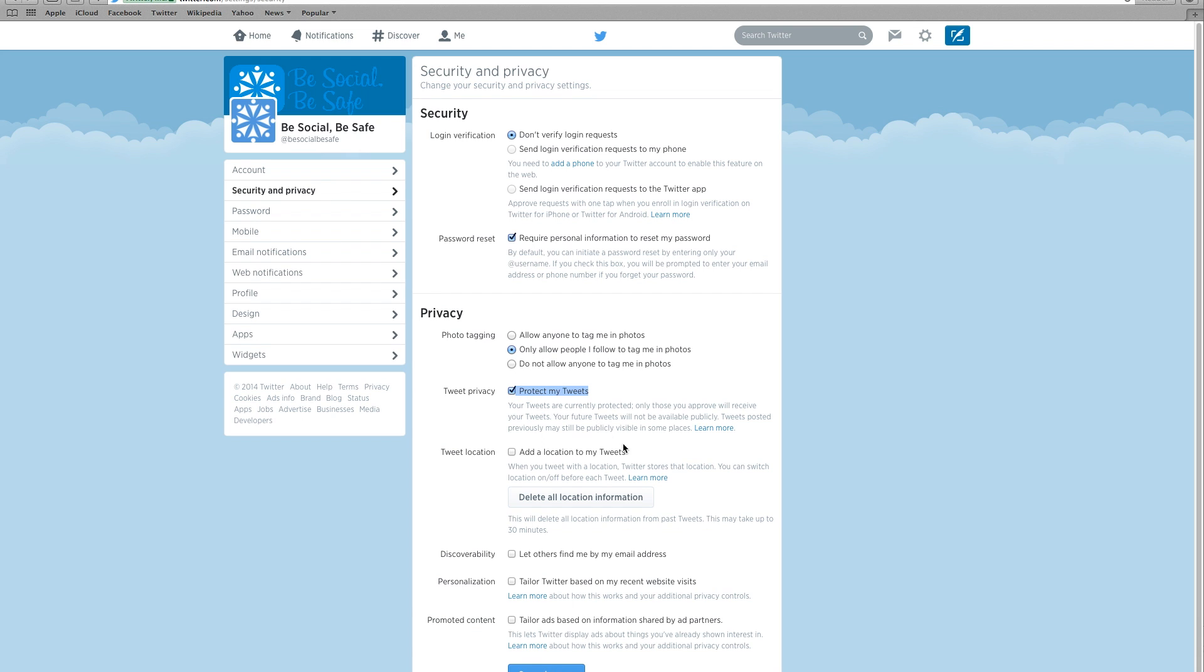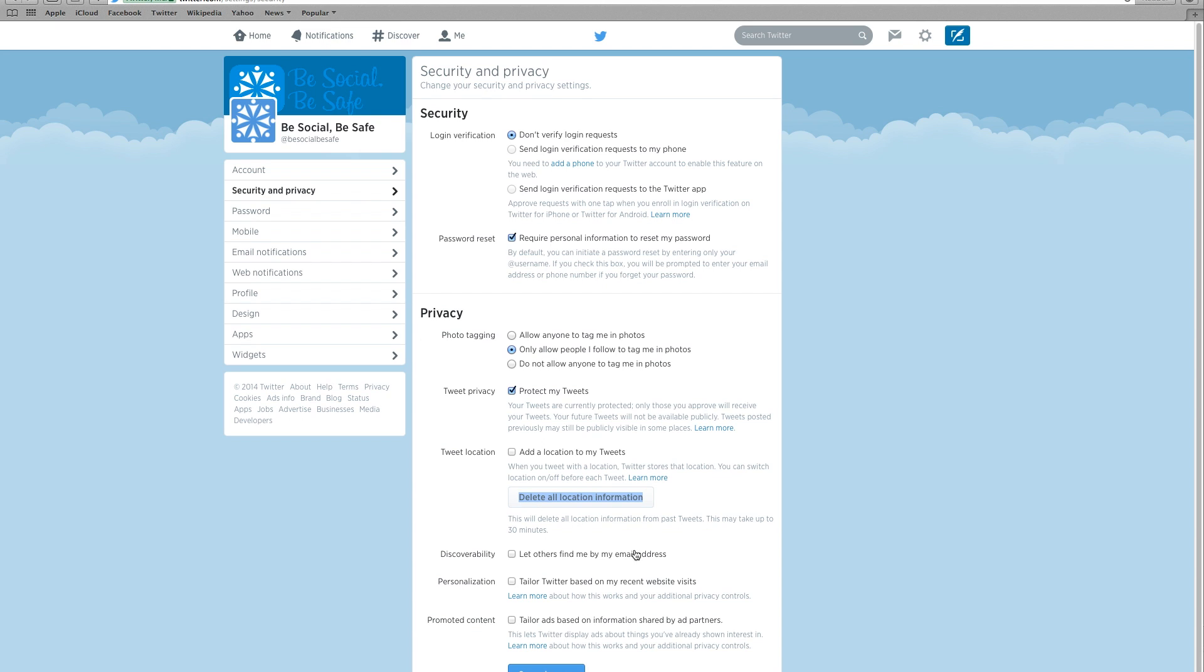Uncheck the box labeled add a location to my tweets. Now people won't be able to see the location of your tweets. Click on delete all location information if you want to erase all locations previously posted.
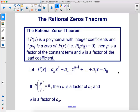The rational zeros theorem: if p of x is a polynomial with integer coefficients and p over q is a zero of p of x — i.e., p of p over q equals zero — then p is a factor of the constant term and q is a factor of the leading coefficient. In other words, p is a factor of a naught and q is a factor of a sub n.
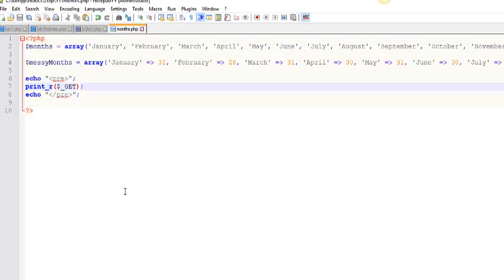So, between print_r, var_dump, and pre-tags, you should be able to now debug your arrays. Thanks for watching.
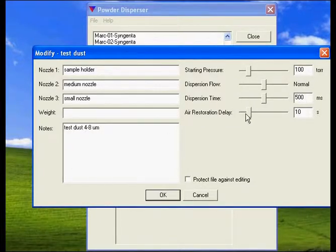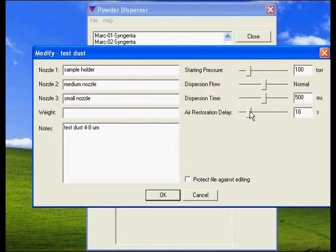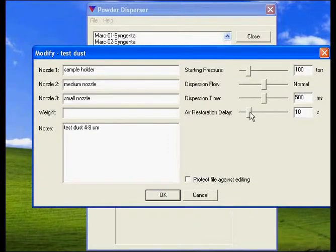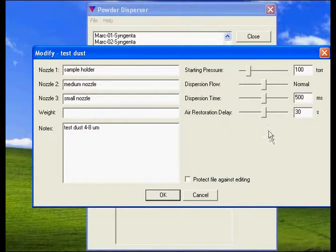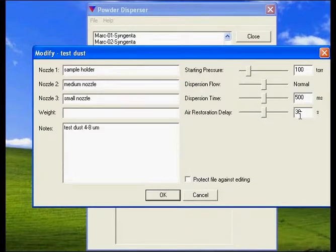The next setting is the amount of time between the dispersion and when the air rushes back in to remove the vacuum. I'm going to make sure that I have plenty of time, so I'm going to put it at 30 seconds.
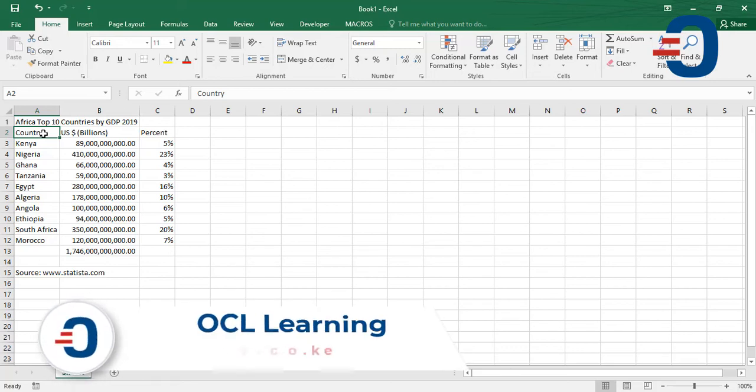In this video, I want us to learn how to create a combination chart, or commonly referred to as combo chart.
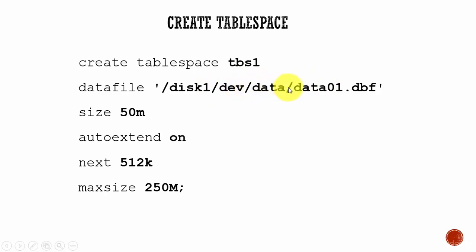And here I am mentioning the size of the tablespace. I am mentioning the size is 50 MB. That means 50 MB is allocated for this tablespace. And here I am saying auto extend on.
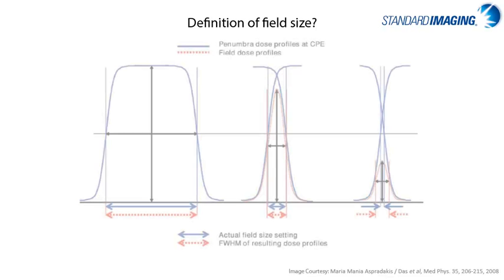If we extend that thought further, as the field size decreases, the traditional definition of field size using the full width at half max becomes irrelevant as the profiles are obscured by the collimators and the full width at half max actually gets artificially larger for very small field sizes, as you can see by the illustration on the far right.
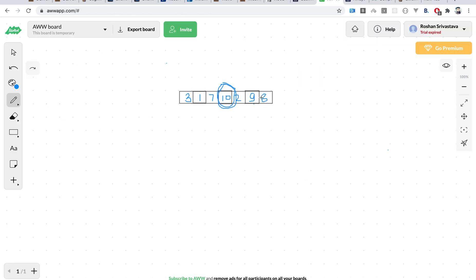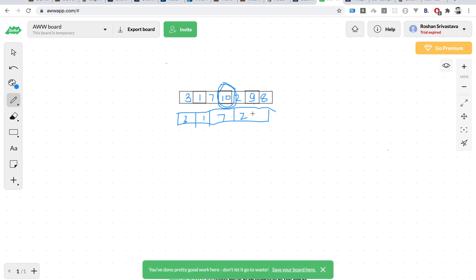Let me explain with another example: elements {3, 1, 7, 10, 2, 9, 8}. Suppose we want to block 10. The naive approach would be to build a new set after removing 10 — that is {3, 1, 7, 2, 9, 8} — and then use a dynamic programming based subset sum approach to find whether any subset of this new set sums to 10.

Action item:
For this exercise, output the records exactly but omit their pictures.

Written response:
Uncheck the box labeled add a location to my tweets. Now people won't be able to see the location of your tweets. Click on delete all location information if you want to erase all locations previously posted.
The rational zeros theorem: if p of x is a polynomial with integer coefficients and p over q is a zero of p of x — i.e., p of p over q equals zero — then p is a factor of the constant term and q is a factor of the leading coefficient. In other words, p is a factor of a naught and q is a factor of a sub n.
So, between print_r, var_dump, and pre-tags, you should be able to now debug your arrays. Thanks for watching.
The next setting is the amount of time between the dispersion and when the air rushes back in to remove the vacuum. I'm going to make sure that I have plenty of time, so I'm going to put it at 30 seconds.
In this video, I want us to learn how to create a combination chart, or commonly referred to as combo chart.
And here I am mentioning the size of the tablespace. I am mentioning the size is 50 MB. That means 50 MB is allocated for this tablespace. And here I am saying auto extend on.
If we extend that thought further, as the field size decreases, the traditional definition of field size using the full width at half max becomes irrelevant as the profiles are obscured by the collimators and the full width at half max actually gets artificially larger for very small field sizes, as you can see by the illustration on the far right.
Let me explain with another example: elements {3, 1, 7, 10, 2, 9, 8}. Suppose we want to block 10. The naive approach would be to build a new set after removing 10 — that is {3, 1, 7, 2, 9, 8} — and then use a dynamic programming based subset sum approach to find whether any subset of this new set sums to 10.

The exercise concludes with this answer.